In [3]:
import pandas as pd
import numpy as np
from sklearn.model_selection import train_test_split
from sklearn.model_selection import cross_val_score
from sklearn.model_selection import GridSearchCV
from sklearn.ensemble import RandomForestRegressor
from sklearn.metrics import mean_absolute_error
import pickle

## Save RandomForest Model with pickle
def save_data(filename, data):
    with open(filename, 'wb') as f:
        pickle.dump(data, f)

## Load pickle file data 
def load_data(filename):
    with open(filename, 'rb') as f:
        return pickle.load(f)

In [5]:
# pd.set_option("display.max_rows", None, "display.max_columns", None)

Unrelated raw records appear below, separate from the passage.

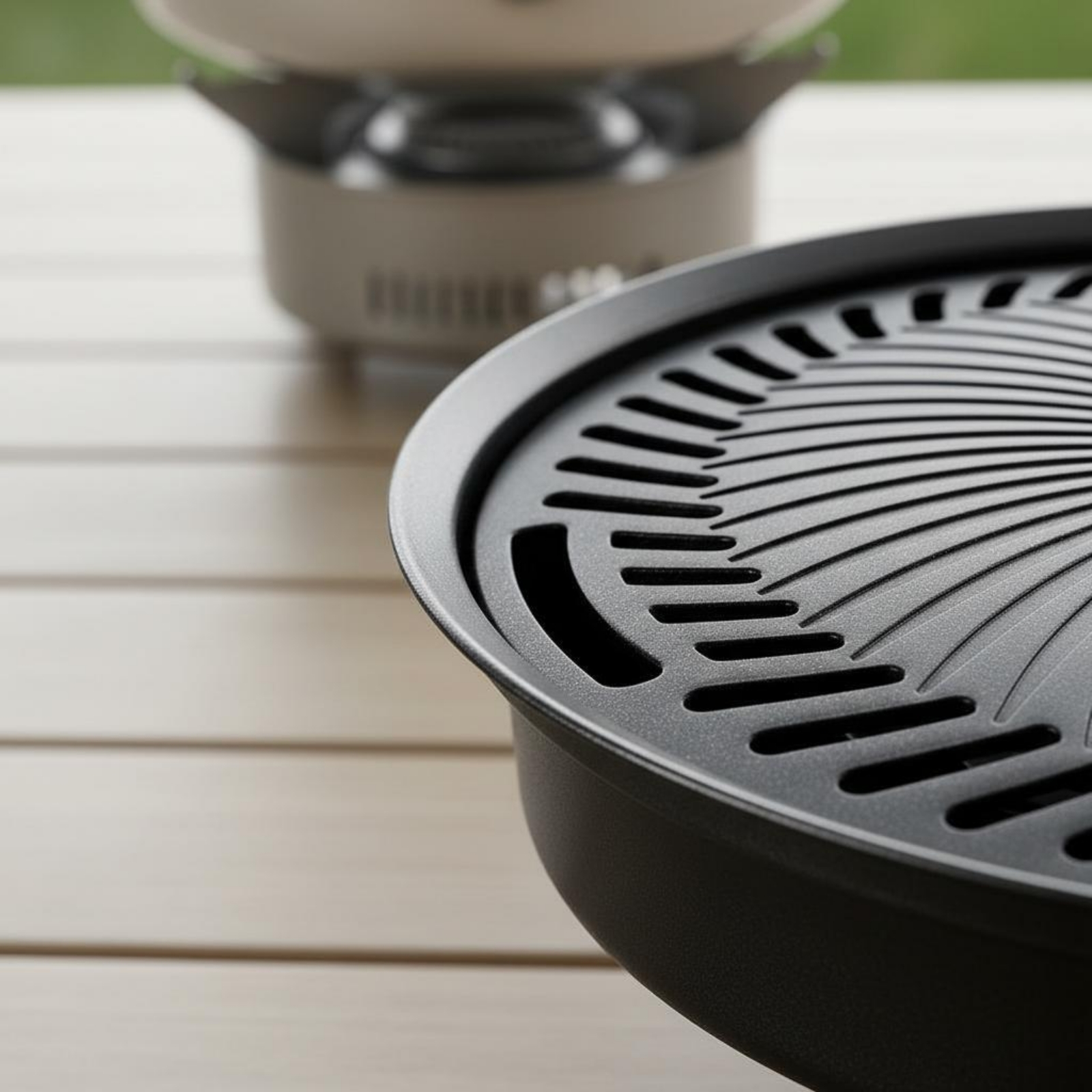 Camping Cooking Grill - Piastra per Barbecue Coreano Antiaderente Rotonda,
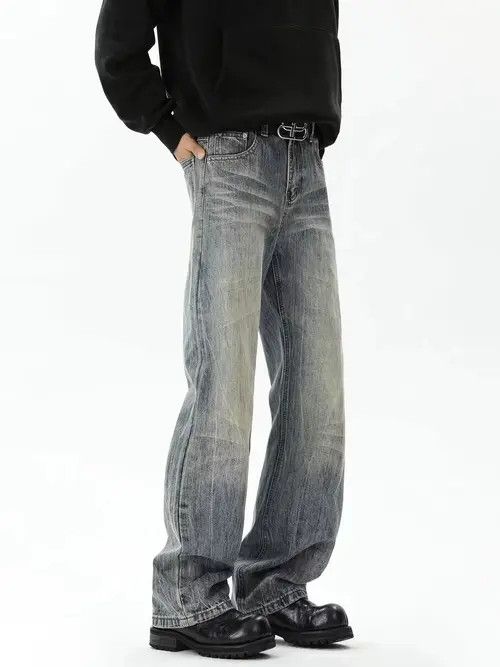Japanese Brand × Jean Pants American retro washed distressed loose straight jeans Size US 32 / EU 48 - 2 Thumbnail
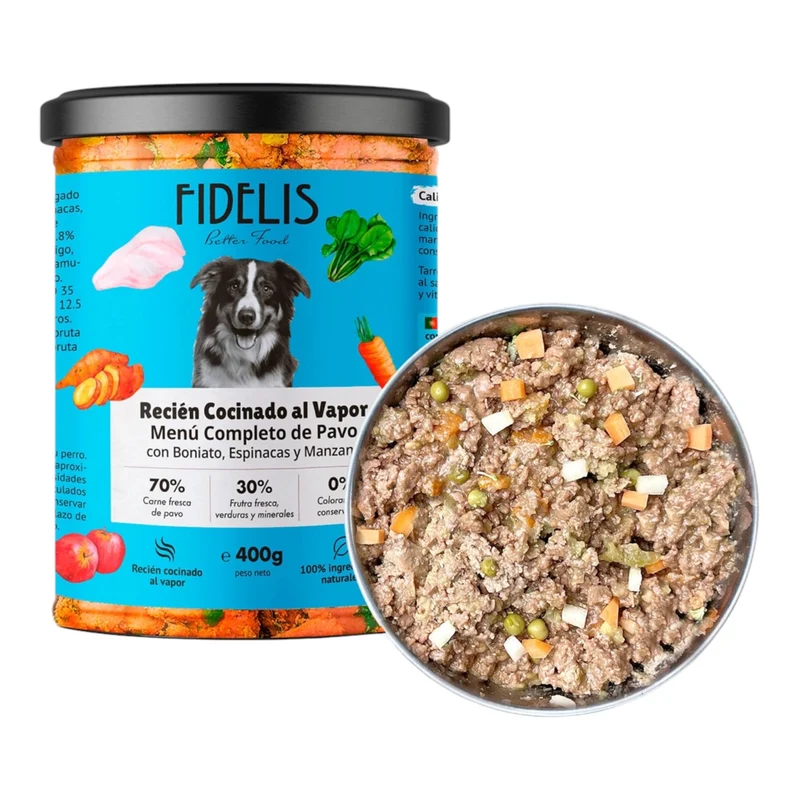 Fidelis Pavo con boniato, espinacas y manzana (tarro de 400 g)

# create data frame for model relevant columns
df = pd.read_csv('../Data/all_movie_data_dropna.csv')
# display(df)
df_model = df[['Release_month', 'Budget', 'Box_office', 'Box_office_opening', 'Rating']]

#get dummy variables for movie rating
df_dum = pd.get_dummies(df_model)
display(df_dum)

x = df_dum.drop('Box_office', axis=1)
y = df_dum.Box_office.values

X_train, X_test, y_train, y_test = train_test_split(x, y, test_size=0.2, random_state=42)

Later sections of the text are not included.